In [1]:
# The name of this file is train-test-split, although our main point is to split the training set, and the validation set
import pandas as pd
import numpy as np
import os
import shutil

In [2]:
# At this stage, we want to split the image in 20241005_image into a training set and a validation set
# There are 410147 images

# We create an index array.
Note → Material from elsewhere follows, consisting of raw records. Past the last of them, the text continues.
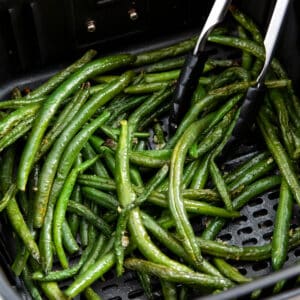 Tongs serving cooked air fryer green beans out of the air fryer basket.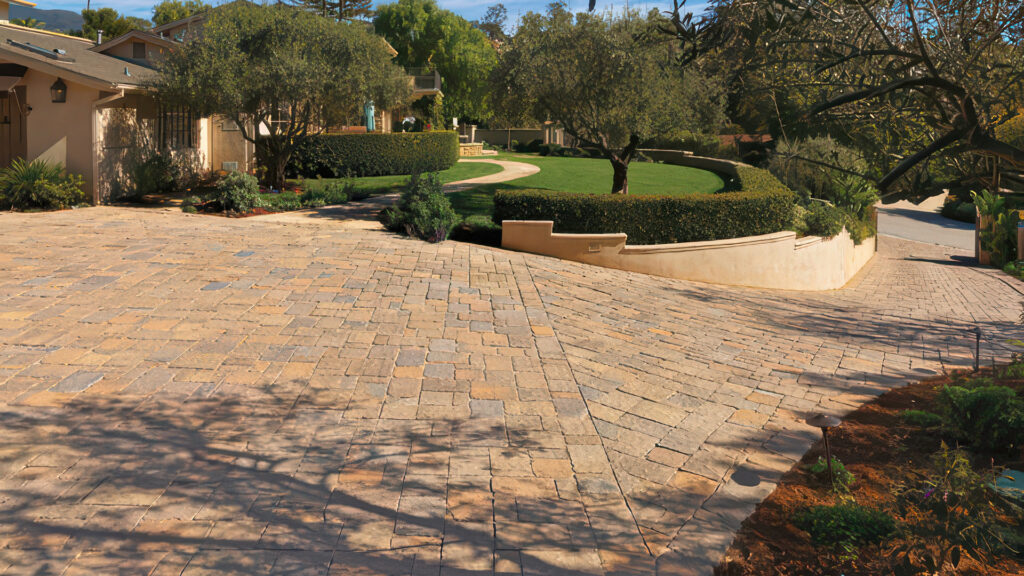 Residential driveway paved with a 50/50 blend of Sand-Stone-Mocha and Tuscan Estate Cobble I & II, installed in an ashlar pattern. The driveway slopes gently and is surrounded by manicured hedges, grass, and mature trees in a lush landscape.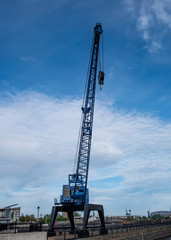 Silhouette of tall crane at Cardiff harbourside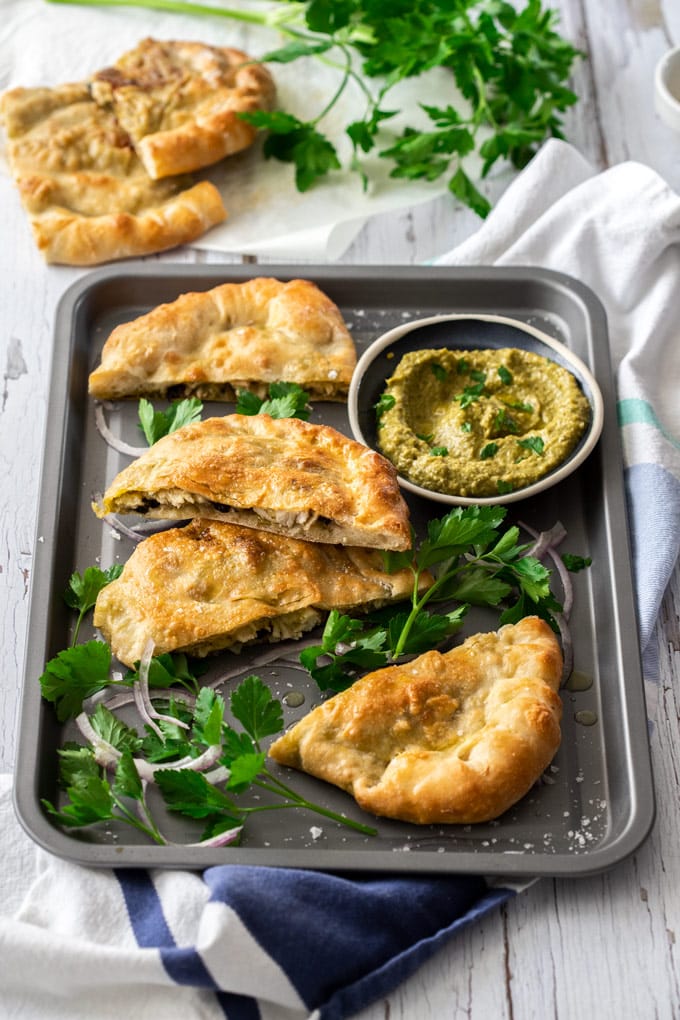 Fette di pollo pesto calzone su una teglia grigia circondata da prezzemolo e cipolla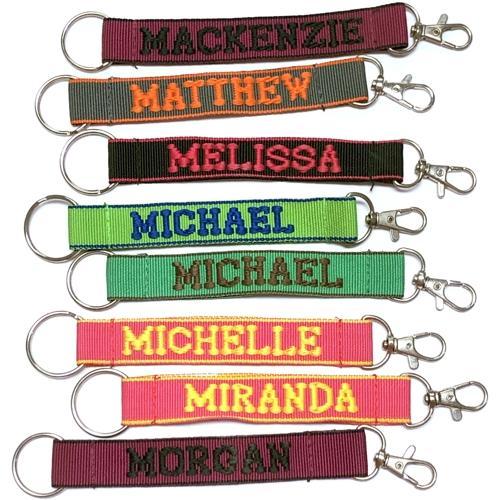 Wholesale Bundle of 100 - Embroidered Novelty Keychains - Nylon Key Strap & Clip (1" x 7.75") Assorted Names & Phrases - Dollar Fanatic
We will shuffle in this array
array = np.arange(1, 410148)

# Shuffle
np.random.shuffle(array)

# Calculate the split index
split_index = int(len(array) * 0.7)

# Split the array into training set and testing set
train_array = array[:split_index]
test_array = array[split_index:]

# Print the sizes of the splits
print(f"Train array size: {len(train_array)}")
print(f"Test array size: {len(test_array)}")

Train array size: 287102
Test array size: 123045


In [3]:
# Check train_array
train_array

array([ 80556, 174887, 133979, ...,  25676, 285013, 132346])

In [4]:
# Check test_array
test_array

array([243701, 106699,  82642, ..., 222865, 317490, 341247])

In [5]:
# Train-Test-Split

# Create Training Folder
training_folder = "training_data"
if not os.path.exists(training_folder):
    os.makedirs(training_folder)

# Create Validation Folder
validation_folder = "validation_data"
if not os.path.exists(validation_folder):
    os.makedirs(validation_folder)

image_folder = "20241005_image" 

# Convert arrays to sets for faster 
train_set = set(train_array)
test_set = set(test_array)

# Move images to their folders based on their indexes
for img in os.listdir(image_folder):
    # Extract the index from the image filename
    index_part = img.split('_')[0]  # Get the first part before the underscore
    index = int(index_part)  # Convert it to an integer

    # Move the file to the appropriate folder
    if index in train_set:
        shutil.move(os.path.join(image_folder, img), os.path.join(training_folder, img))
    elif index in test_set:
        shutil.move(os.path.join(image_folder, img), os.path.join(validation_folder, img))

print(f"Moved {len(train_array)} images to the training folder.")
print(f"Moved {len(test_array)} images to the validation folder.")

Moved 287102 images to the training folder.
Moved 123045 images to the validation folder.